━━━ Recorded data
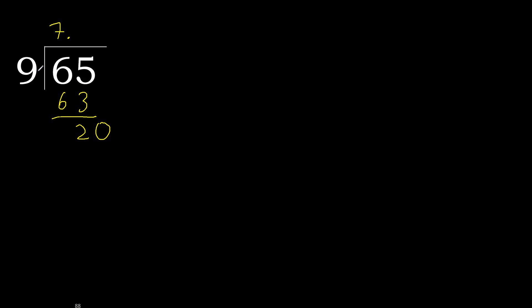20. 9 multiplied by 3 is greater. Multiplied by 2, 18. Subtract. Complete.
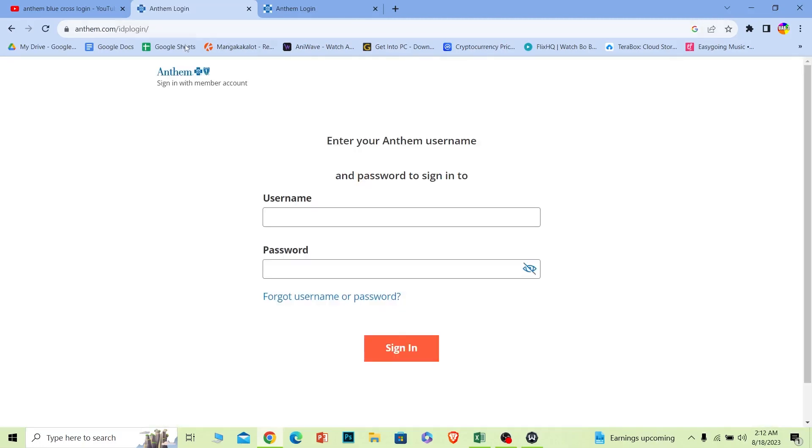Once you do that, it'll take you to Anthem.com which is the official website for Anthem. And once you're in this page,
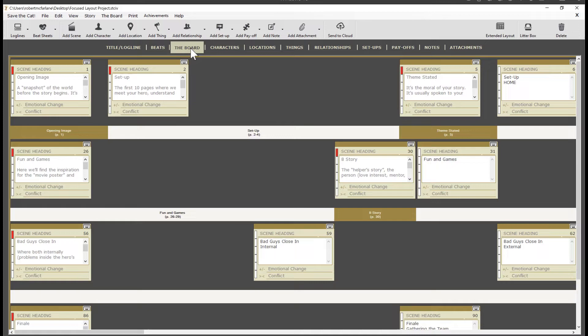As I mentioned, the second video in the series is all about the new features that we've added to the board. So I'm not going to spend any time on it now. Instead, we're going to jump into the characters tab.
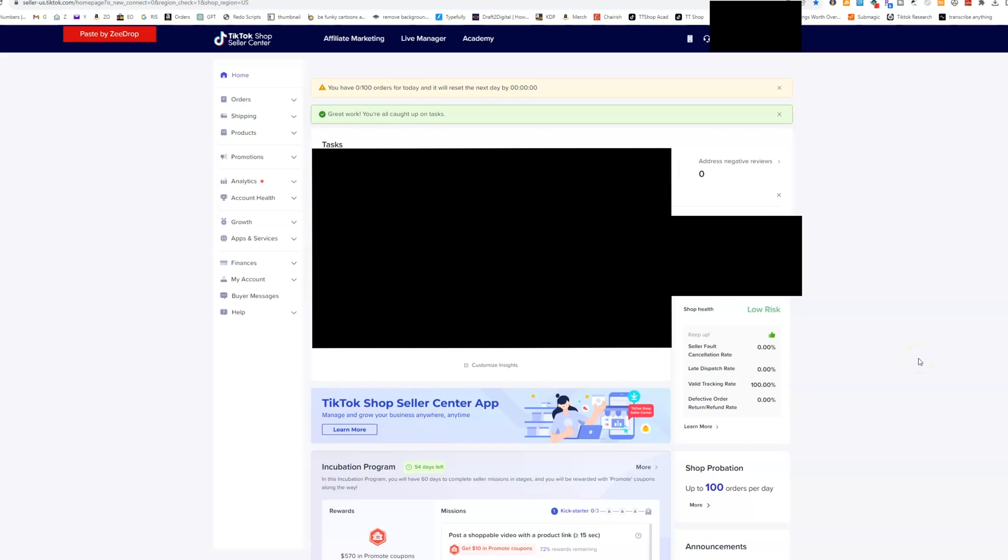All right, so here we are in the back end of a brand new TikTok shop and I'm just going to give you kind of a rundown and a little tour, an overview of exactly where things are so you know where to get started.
━━━━━━
- Task item
Retype the whole listing. Keep every word exact but include no pictures.

- Task result
20. 9 multiplied by 3 is greater. Multiplied by 2, 18. Subtract. Complete.
Once you do that, it'll take you to Anthem.com which is the official website for Anthem. And once you're in this page,
As I mentioned, the second video in the series is all about the new features that we've added to the board. So I'm not going to spend any time on it now. Instead, we're going to jump into the characters tab.
All right, so here we are in the back end of a brand new TikTok shop and I'm just going to give you kind of a rundown and a little tour, an overview of exactly where things are so you know where to get started.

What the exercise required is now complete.